# Math Help - Need help coming up with an equation for three points

1. ## Need help coming up with an equation for three points

Title pretty much says it all. I have three points: (1, 4.077), (2, 11.667), and (3, 945). I need to come up with an equation that explains a relationship between these three points and should predict what the y value with be at x=4. Also, the equation should always be increasing. Much thanks to anyone who can help me out with this.

2. Applying a quadratic regression, I got:

$y=462.8715x^{2}-1381.0245x+922.23$

R^2 is 1, so it's about as accurate as it gets.

With this x=4 results in 2804.076

3. A what?

Using data to derive a quadratic equation. Do you have a calculator?.

5. I have a calculator, but mine doesn't have a button on it that says Quadreg. Is some sort of hidden function? Or is it only on really high end calculators?

6. TI-83's do it. What is yours?.

7. Casio. fx-9750G Plus.

8. Originally Posted by G-Rex
Title pretty much says it all. I have three points: (1, 4.077), (2, 11.667), and (3, 945). I need to come up with an equation that explains a relationship between these three points and should predict what the y value with be at x=4. Also, the equation should always be increasing. Much thanks to anyone who can help me out with this.
if you're not afraid of a little tedious calculations, you can do it by hand.

assume that a quadratic passes through all three points. let this quadratic be of the form $y = ax^2 + bx + c$

since we pass though the point (1,4.077) we know that f(1) = 4.077

similarly, we know that f(2) = 11.667 and f(3) = 945

thus we can construct a system of three equations:

$a + b + c = 4.077$ .....................(1)
$4a + 2b + c = 11.677$ ................(2)
$9a + 3b + c = 945$ .....................(3)

now solve for a,b, and c and you will have your curve

9. Originally Posted by Jhevon
if you're not afraid of a little tedious calculations, you can do it by hand.

assume that a quadratic passes through all three points. let this quadratic be of the form $y = ax^2 + bx + c$

since we pass though the point (1,4.077) we know that f(1) = 4.077

similarly, we know that f(2) = 11.667 and f(3) = 945

thus we can construct a system of three equations:

$a + b + c = 4.077$ .....................(1)
$4a + 2b + c = 11.677$ ................(2)
$9a + 3b + c = 945$ .....................(3)

now solve for a,b, and c and you will have your curve
Let me teach you how to do it with the program "Graph 4.3".
1)Click FUNCTION.
2)INSERT POINT SERIES.
3)Label the points and click OK.
4)Right-click on the left hand side which is the point series.
5)Select INSERT TREDLINE.
6)Select the least-squares approximation you want.
7)You can also gaze upon the "r^2" value which tells you how good approximation is, if r^2=1, then it is perfect.

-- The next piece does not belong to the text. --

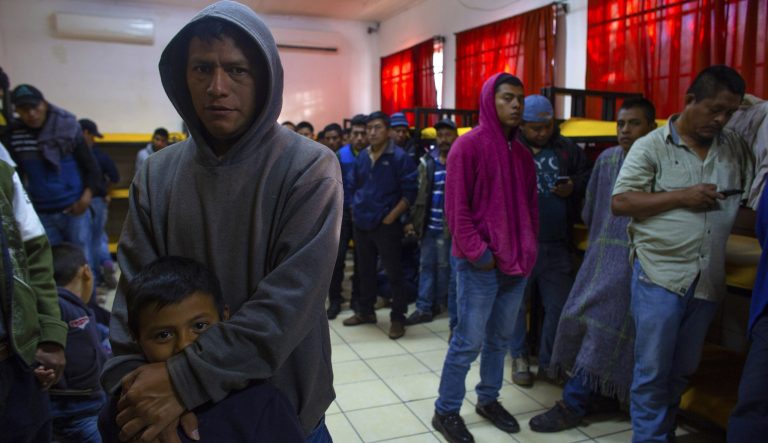 In this Feb. 26, 2019 photo, Carlos, 34, holds his son Carlos, 7, as they wait to get breakfast at the San Juan Bosco migrant shelter, in Nogales, Mexico.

10. Originally Posted by ThePerfectHacker
Let me teach you how to do it with the program "Graph 4.3".
1)Click FUNCTION.
2)INSERT POINT SERIES.
3)Label the points and click OK.
4)Right-click on the left hand side which is the point series.
5)Select INSERT TREDLINE.
6)Select the least-squares approximation you want.
7)You can also gaze upon the "r^2" value which tells you how good approximation is, if r^2=1, then it is perfect.
Nice! Thanks for that. it gives the same answer galactus got from his TI-83

11. Actually, I used a TI-92.